I would be interested to have reactions to the above and to the actual newly themed blogs. If you can dip in and check with mobile devices other than Android, that would be useful too.
The blogs are
http://www.bpwrap.com
http://www.otherbb.com
http://www.staygolinks.com
http://www.seniormoneymemos.com
http://www.seniorhealthmemos.com
I have only one major concern at the moment but will raise that in a separate thread.
#2
Posted 24 September 2011 - 06:17 PM
Compare with the original Twentyeleven demo site.
Right now, it's still an edited twentyeleven. I haven't moved it over to its own theme, yet. I'll be tinkering with functions.php to allow for a sidebar on all pages. Probably the only individual templates I'll need to edit are header.php and footer.php - maybe not the footer.
I *love* the way you can re-size all the way down to iphone width and still have a good looking layout. It took a little tinkering with the responsive structure part of the CSS. Totally worth it. This sort of thing has been possible for a while. The combo of having it in a WordPress default theme and the gradual updating of browsers will help it take off.

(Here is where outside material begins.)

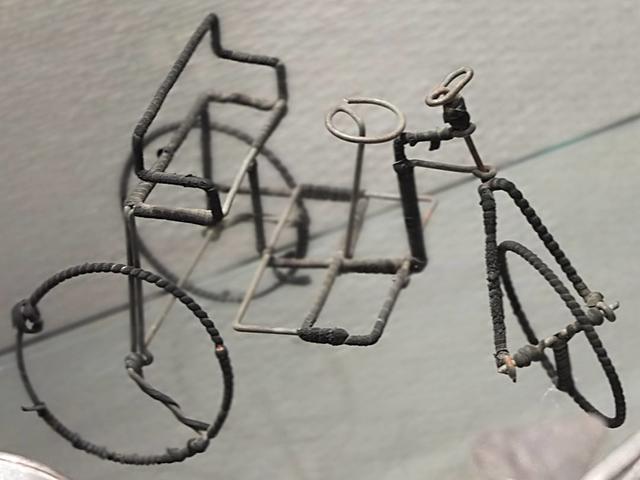 Fahrrad aus Senegal 2
Fotografie von der Story: "Kreativität Ideen Kunst Fotografie Nachricht.
Bilder: kreativ Kunst Foto Impressionen von Ausstellung Eröffnung Weltspielzeug, Parktheater Iserlohn, Deutschland."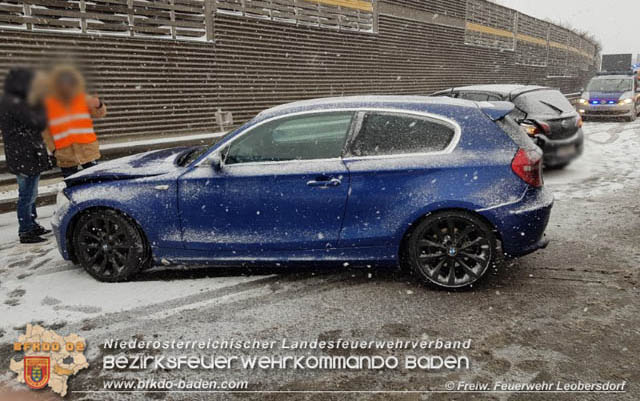 20190103 Verkehrsunfall bei Schneetreiben auf der A2 bei Kottingbrunn Foto: © Freiwillige Feuerwehr Leobersdorf 20190103 Verkehrsunfall bei Schneetreiben auf der A2 bei Kottingbrunn Foto: © Freiwillige Feuerwehr Leobersdorf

At a first, when I looked at Twentyeleven I saw design details that I wasn't crazy about. Poking around inside has been a great learning experience. There are a bunch of neat little css treats worked in there to investigate and make your own.
#3
Posted 24 September 2011 - 07:08 PM
Mobile users are more task driven. RIAs, one page destinations, listings. Think Reader's Digest version.
It simply isn't realistic to lean on layout to do what shouldn't be done in the first place. That's gimmick thinking. Strip out the whole site, rethink it, and redeliver a mobile version that treats the mobile user differently from the redular user.
Do not strive to replicate the desktop version via mobile. That's fashionable now. Force fitting your desktop browser website to a mobile user won't last.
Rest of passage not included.